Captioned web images

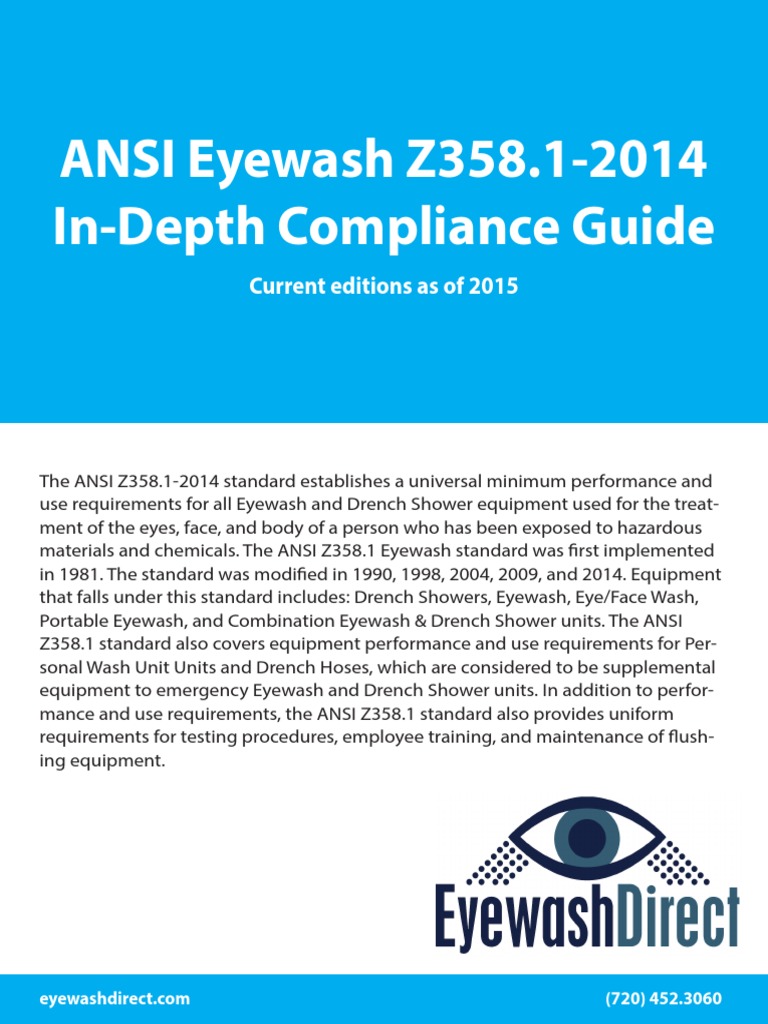 Eyewash Ansi 2015 Water Heating Water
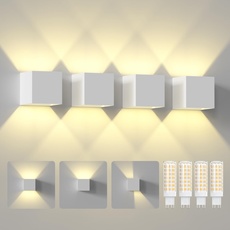 ChangM Wandleuchte Innen Aussen 7W LED Wandlampe mit Einstellung des Blattwinkels, IP65 Wandleuchte Weiße Schale mit Ersetzbaren G9 LED Birne, Warmweiß 3000K, 4 Stücke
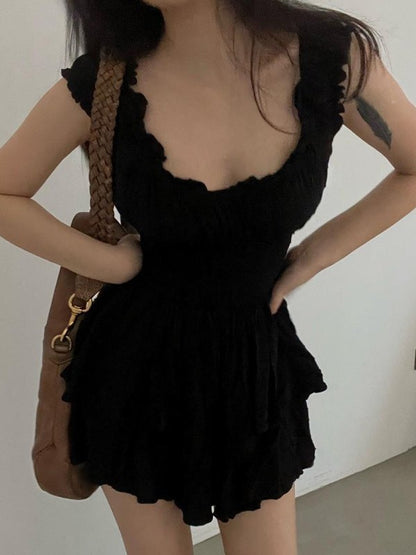 Princess Slanted Shoulders Rompers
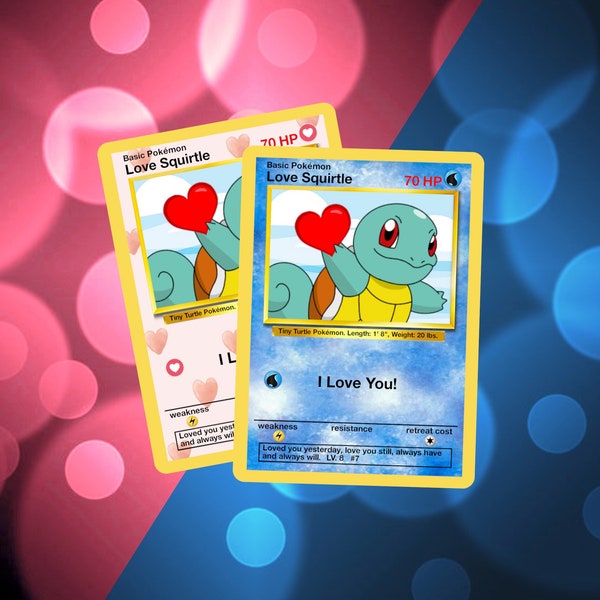 Custom Squirtle I Love You Pokemon Card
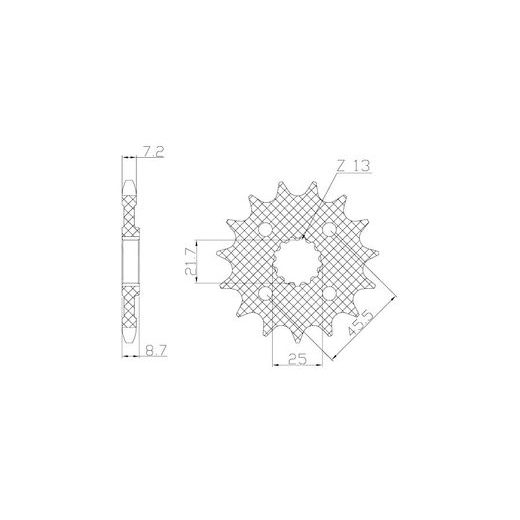 REŤAZOVÉ KOLIESKO PRE SEKUNDÁRNE REŤAZY TYPU 525, BRAKING (15 ZUBOV)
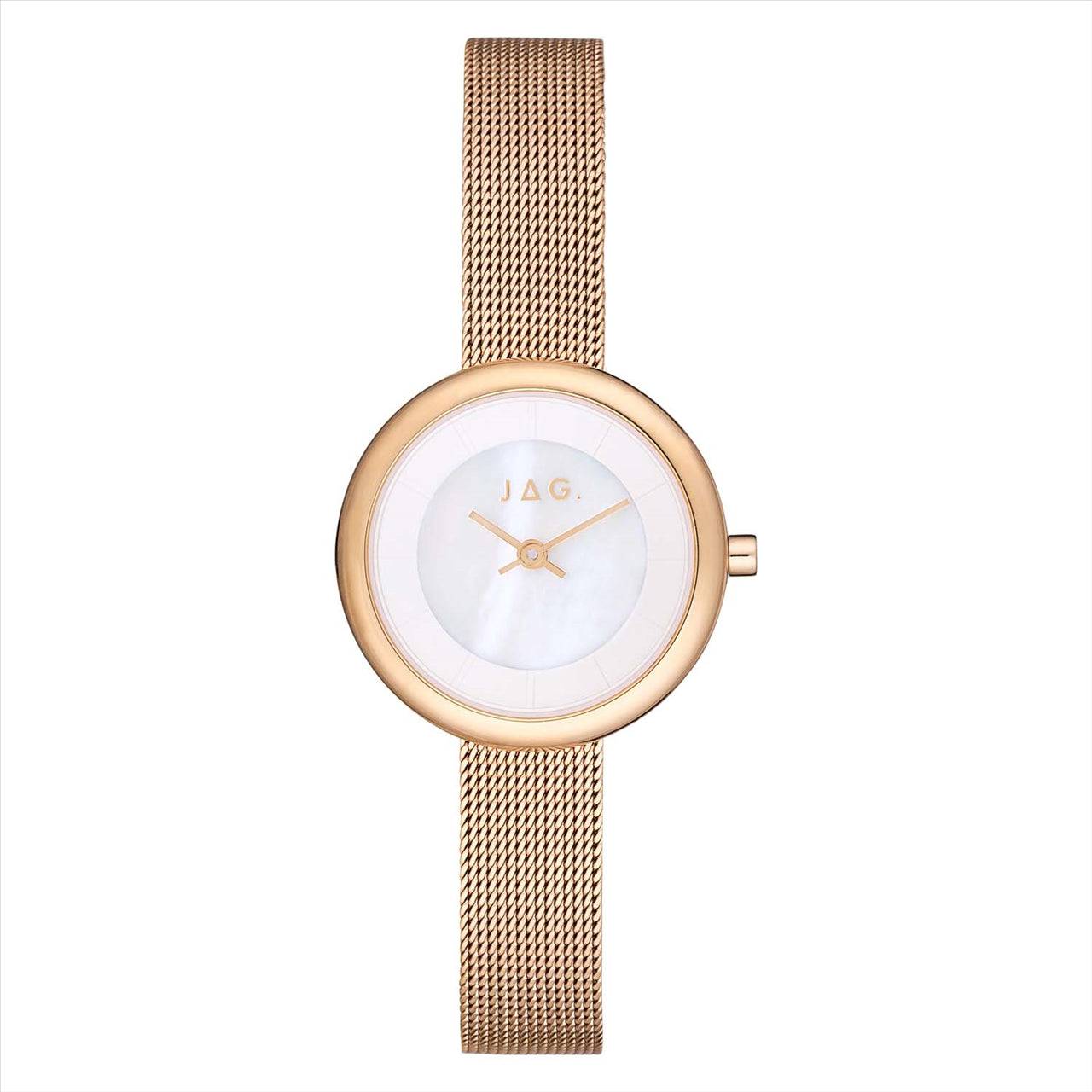 Jag Rachael Ladies Rose Gold Plated Stainless Steel Mesh Band Watch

*What is needed*.
All entries must come back exactly as written, though without their pictures.

*Response to the task*.
 Eyewash Ansi 2015 Water Heating Water
 ChangM Wandleuchte Innen Aussen 7W LED Wandlampe mit Einstellung des Blattwinkels, IP65 Wandleuchte Weiße Schale mit Ersetzbaren G9 LED Birne, Warmweiß 3000K, 4 Stücke
 Princess Slanted Shoulders Rompers
 Custom Squirtle I Love You Pokemon Card
 REŤAZOVÉ KOLIESKO PRE SEKUNDÁRNE REŤAZY TYPU 525, BRAKING (15 ZUBOV)
 Jag Rachael Ladies Rose Gold Plated Stainless Steel Mesh Band Watch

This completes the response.